#### [Assigned task]
Your answer should hold exactly the lines from the one with "Original 12 Mukhi" through the final line of the data below, reproduced as written.

::: Extracted entries

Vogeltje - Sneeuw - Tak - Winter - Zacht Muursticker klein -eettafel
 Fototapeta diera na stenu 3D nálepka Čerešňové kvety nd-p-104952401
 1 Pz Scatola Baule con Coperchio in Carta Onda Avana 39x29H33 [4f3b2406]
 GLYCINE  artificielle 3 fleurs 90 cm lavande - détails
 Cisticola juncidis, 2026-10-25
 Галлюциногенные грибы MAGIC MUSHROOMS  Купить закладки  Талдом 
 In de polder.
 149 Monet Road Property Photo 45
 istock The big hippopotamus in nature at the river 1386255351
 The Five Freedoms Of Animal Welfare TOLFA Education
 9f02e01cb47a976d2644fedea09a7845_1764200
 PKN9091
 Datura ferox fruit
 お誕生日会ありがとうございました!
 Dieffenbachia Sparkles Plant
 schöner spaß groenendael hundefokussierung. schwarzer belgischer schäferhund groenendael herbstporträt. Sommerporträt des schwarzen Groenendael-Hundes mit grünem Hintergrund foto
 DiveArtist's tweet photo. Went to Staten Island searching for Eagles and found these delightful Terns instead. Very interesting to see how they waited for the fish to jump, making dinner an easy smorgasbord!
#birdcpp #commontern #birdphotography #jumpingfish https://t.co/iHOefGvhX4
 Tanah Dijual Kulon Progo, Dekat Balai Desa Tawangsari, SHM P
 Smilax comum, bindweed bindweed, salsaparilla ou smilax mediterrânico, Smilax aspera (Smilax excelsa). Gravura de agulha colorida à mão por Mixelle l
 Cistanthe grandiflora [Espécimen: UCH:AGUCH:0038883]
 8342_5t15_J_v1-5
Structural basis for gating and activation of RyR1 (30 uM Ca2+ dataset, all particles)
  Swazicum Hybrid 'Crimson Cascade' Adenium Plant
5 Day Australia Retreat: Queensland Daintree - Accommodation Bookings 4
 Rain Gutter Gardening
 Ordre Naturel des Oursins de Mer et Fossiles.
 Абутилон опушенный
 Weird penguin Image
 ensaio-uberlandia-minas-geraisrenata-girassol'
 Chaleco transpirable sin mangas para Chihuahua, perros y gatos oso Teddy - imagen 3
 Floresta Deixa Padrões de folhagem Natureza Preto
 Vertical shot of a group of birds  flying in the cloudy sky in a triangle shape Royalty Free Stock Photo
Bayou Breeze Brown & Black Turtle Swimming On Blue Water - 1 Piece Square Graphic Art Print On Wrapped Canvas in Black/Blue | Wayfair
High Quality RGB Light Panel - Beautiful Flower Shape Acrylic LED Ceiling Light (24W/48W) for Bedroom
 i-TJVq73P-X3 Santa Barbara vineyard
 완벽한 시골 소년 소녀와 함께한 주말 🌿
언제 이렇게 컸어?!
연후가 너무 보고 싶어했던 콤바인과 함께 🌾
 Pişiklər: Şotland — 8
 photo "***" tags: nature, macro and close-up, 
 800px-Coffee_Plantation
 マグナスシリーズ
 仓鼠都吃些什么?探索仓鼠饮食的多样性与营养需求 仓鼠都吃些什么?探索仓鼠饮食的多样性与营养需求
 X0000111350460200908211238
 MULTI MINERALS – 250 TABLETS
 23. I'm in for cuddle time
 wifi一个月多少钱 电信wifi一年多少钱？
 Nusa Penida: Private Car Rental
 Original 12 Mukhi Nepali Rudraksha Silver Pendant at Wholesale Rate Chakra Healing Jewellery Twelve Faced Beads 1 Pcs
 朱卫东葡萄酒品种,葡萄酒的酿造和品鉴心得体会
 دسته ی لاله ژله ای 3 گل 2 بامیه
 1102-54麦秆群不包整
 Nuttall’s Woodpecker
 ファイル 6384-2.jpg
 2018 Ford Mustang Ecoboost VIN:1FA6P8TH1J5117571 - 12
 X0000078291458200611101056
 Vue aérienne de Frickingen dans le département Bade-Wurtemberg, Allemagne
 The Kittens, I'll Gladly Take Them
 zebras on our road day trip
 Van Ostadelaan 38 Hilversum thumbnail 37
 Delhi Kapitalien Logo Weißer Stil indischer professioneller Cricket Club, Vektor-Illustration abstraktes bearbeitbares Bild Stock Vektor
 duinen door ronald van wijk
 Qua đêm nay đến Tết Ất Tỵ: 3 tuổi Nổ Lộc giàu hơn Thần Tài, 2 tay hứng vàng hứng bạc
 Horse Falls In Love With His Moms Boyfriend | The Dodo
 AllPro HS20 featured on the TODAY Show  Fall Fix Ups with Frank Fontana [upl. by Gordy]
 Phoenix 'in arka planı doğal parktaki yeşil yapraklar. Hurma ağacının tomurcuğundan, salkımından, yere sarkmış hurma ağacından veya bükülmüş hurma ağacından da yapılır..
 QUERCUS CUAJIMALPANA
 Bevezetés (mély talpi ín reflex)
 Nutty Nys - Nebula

::::::

#### [Output of the task]
 Original 12 Mukhi Nepali Rudraksha Silver Pendant at Wholesale Rate Chakra Healing Jewellery Twelve Faced Beads 1 Pcs
 朱卫东葡萄酒品种,葡萄酒的酿造和品鉴心得体会
 دسته ی لاله ژله ای 3 گل 2 بامیه
 1102-54麦秆群不包整
 Nuttall’s Woodpecker
 ファイル 6384-2.jpg
 2018 Ford Mustang Ecoboost VIN:1FA6P8TH1J5117571 - 12
 X0000078291458200611101056
 Vue aérienne de Frickingen dans le département Bade-Wurtemberg, Allemagne
 The Kittens, I'll Gladly Take Them
 zebras on our road day trip
 Van Ostadelaan 38 Hilversum thumbnail 37
 Delhi Kapitalien Logo Weißer Stil indischer professioneller Cricket Club, Vektor-Illustration abstraktes bearbeitbares Bild Stock Vektor
 duinen door ronald van wijk
 Qua đêm nay đến Tết Ất Tỵ: 3 tuổi Nổ Lộc giàu hơn Thần Tài, 2 tay hứng vàng hứng bạc
 Horse Falls In Love With His Moms Boyfriend | The Dodo
 AllPro HS20 featured on the TODAY Show  Fall Fix Ups with Frank Fontana [upl. by Gordy]
 Phoenix 'in arka planı doğal parktaki yeşil yapraklar. Hurma ağacının tomurcuğundan, salkımından, yere sarkmış hurma ağacından veya bükülmüş hurma ağacından da yapılır..
 QUERCUS CUAJIMALPANA
 Bevezetés (mély talpi ín reflex)
 Nutty Nys - Nebula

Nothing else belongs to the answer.